File photo of residents excavating at the site of a recently-discovered mass grave in Rwanda in April of 2018. Mass graves that authorities say could contain more than 2,000 bodies were discovered in Rwanda nearly a quarter-century after the country's genocide.
Credit Eric Murinzi / The Associated Press

The judge who presided over the United Nations International Criminal Tribunal for Rwandan genocide says international courts do not create peace and stability, but they do contribute to it. Judge Vagn Joensen will speak in Kalamazoo Wednesday afternoon.

Joensen will deliver the annual George Klein Lecture Wednesday September 26th at 3:30p.m. in the Political Science Library in Western Michigan University’s Friedmann Hall. It’s sponsored by the Political Science Department and the Institute for Government and Politics.

Joensen told WMUK’s Gordon Evans that there are a variety of factors that determine whether a country can recover from genocide and war crimes. He says running an international court is expensive so usually they only hold trials for the people most responsible for the crimes committed.

The guilty verdicts of Rwandan leaders marked the first international court convictions for genocide. Joensen says that was an important moment.

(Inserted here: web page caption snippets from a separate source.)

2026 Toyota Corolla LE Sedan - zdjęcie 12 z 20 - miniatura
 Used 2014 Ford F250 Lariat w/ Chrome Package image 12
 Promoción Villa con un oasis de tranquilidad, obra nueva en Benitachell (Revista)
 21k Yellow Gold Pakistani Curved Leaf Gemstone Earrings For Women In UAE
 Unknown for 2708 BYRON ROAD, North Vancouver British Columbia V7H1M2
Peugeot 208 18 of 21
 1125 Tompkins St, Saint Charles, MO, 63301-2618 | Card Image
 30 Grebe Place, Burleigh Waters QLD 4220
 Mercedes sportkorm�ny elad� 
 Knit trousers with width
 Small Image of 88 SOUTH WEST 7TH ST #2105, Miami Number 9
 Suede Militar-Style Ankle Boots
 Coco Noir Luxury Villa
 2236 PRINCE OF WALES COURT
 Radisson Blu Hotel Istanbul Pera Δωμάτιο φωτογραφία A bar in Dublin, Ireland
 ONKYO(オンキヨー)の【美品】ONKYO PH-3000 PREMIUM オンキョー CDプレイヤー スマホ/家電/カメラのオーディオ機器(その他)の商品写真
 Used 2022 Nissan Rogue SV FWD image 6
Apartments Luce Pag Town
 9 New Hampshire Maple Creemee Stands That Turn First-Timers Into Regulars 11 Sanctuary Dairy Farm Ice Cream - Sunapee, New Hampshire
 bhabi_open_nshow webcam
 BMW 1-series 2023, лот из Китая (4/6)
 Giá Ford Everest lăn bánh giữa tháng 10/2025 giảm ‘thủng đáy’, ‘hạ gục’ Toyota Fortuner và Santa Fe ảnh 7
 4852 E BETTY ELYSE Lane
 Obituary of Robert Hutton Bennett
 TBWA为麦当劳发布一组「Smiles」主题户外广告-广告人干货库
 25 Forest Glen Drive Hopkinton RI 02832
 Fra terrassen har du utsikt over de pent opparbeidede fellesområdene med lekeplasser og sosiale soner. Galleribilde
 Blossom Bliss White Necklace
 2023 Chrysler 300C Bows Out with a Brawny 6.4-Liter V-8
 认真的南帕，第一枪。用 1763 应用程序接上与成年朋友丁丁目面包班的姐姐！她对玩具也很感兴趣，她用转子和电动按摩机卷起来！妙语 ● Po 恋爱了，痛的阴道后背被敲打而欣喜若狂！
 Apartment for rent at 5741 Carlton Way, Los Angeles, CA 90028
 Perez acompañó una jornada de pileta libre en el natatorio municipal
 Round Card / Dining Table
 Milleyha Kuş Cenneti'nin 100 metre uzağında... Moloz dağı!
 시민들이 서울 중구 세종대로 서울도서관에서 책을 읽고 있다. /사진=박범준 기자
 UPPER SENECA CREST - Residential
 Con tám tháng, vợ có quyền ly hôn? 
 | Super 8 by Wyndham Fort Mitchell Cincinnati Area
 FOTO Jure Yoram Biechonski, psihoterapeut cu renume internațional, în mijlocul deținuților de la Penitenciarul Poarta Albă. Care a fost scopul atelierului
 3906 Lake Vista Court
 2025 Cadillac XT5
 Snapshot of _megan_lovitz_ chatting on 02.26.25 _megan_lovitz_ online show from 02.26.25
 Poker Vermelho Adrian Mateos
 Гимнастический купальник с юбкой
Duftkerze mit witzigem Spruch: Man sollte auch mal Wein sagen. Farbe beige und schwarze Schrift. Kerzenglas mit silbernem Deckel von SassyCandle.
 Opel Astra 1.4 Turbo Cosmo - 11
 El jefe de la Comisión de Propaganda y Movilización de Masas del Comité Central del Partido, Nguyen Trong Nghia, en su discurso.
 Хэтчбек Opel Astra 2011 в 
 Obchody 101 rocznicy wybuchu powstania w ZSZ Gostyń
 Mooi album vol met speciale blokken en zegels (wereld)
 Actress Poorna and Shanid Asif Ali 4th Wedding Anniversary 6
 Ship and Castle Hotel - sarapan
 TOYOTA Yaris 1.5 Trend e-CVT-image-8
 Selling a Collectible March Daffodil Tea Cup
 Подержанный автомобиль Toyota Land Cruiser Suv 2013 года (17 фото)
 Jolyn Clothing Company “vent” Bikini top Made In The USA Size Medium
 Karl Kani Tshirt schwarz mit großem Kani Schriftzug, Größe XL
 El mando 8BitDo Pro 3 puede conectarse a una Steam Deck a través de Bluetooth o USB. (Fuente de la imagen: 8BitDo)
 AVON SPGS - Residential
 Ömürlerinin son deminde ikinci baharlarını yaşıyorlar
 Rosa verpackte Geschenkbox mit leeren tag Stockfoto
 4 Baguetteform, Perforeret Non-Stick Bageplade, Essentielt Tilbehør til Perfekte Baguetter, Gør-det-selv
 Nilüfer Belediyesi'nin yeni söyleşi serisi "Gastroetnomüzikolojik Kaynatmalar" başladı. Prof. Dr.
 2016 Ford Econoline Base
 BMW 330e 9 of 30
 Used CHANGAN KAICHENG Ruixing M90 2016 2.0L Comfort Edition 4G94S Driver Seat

But he says it’s a struggle to bring leaders to trial while they are still in power. Joensen says it’s alos difficult to try people at lower levels if you don’t hold people at the top accountable first.

President Trump’s National Security Advisor John Bolton recently criticized the International Criminal Court. Joensen says he finds Bolton’s comments strange since the U.S. under the President Bill Clinton was one of the driving forces behind the creation of the Court.